Entrapment is usually a question of fact, not of law. See Masciale v. United States, 1958, 356 U.S. 386, 78 S. Ct. 827, 2 L. Ed. 2d 859. It is one of law only where the evidence on the question is substantially undisputed. Sherman v. United States, 1958, 356 U.S. 369, 78 S. Ct. 819, 2 L. Ed. 2d 848. Here the evidence is in conflict. It would support a finding that Enciso was predisposed to commit the offense. See Sorrells v. United States, 1932, 287 U.S. 435, 53 S. Ct. 210, 77 L. Ed. 413, 86 A.L.R. 249; Stein v. United States, 9 Cir., 1959, 263 F.2d 579; Bloch v. United States, 9 Cir., 1955, 226 F.2d 185. The verdict is supported by the evidence.
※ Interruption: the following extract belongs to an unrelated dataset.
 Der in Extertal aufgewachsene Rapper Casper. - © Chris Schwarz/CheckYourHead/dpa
It is claimed that the court erroneously curtailed the cross-examination of Peterson. The incident complained of occurred when Peterson said that he had been an agent in six or seven cases that had resulted in arrests. He was asked: "Now, in those six or seven cases, did these people all call you and ask if you wanted some narcotics?" The court remarked "Now you are getting too far removed. Are you objecting to that?" Government counsel said "yes." The court said: "On what ground?" Counsel replied "it is immaterial." The objection was sustained. Counsel for Enciso said he wished to "show a course of conduct of this witness." The court replied "No. Objection sustained. What he did in this case is important."
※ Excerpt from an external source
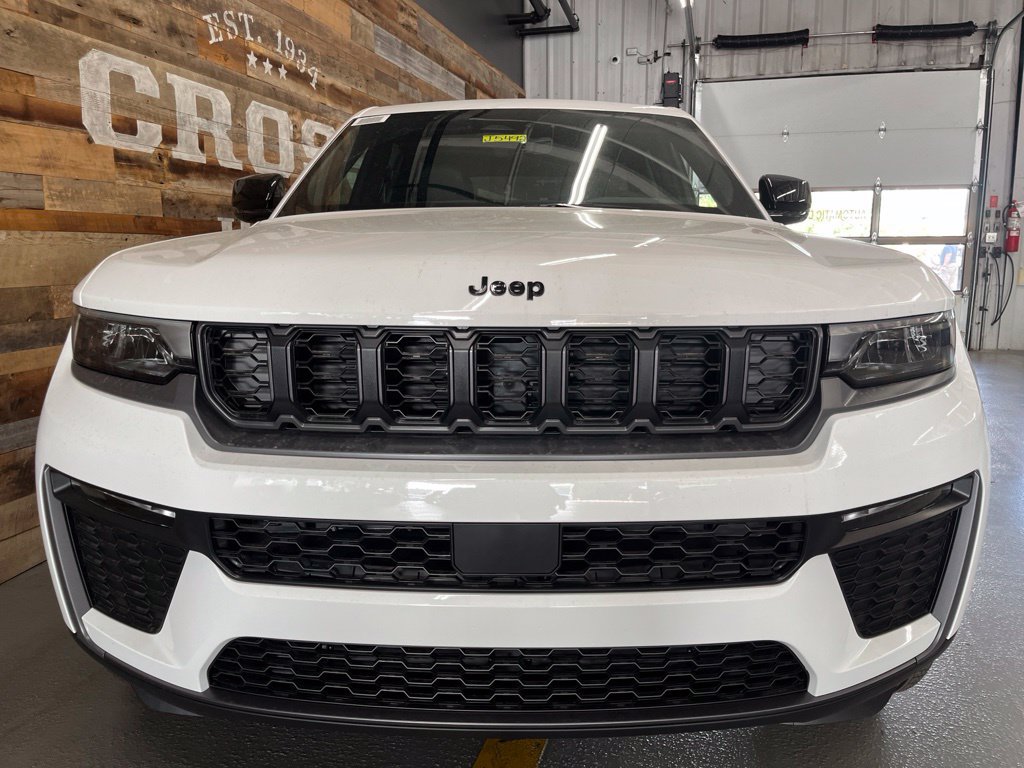 New 2026 Jeep Grand Cherokee Limited AWD/4WD image 7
The court has a considerable discretion as to the extent of cross-examination. One of the ways in which it is frequently exercised is to avoid extensive exploration of collateral matters. We think that this is such a case, and that the court's discretion was not abused. There was ample evidence developed on cross-examination to support the argument that Peterson should not be believed. See Glasser v. United States, 1942, 315 U.S. 60-83, 62 S. Ct. 457, 86 L. Ed. 680; Robinson v. United States, 9 Cir., 1959, 262 F.2d 645; Todorow v. United States, 9 Cir., 1949, 173 F.2d 439. It is also urged that the court erred in refusing to permit counsel to examine Peterson's arms, to show recent use of narcotics, after Peterson denied taking narcotics "this morning." This came after Peterson said that he had taken narcotics a week before, by injection in his left arm. Counsel's point was sufficiently made, and discretion was not abused.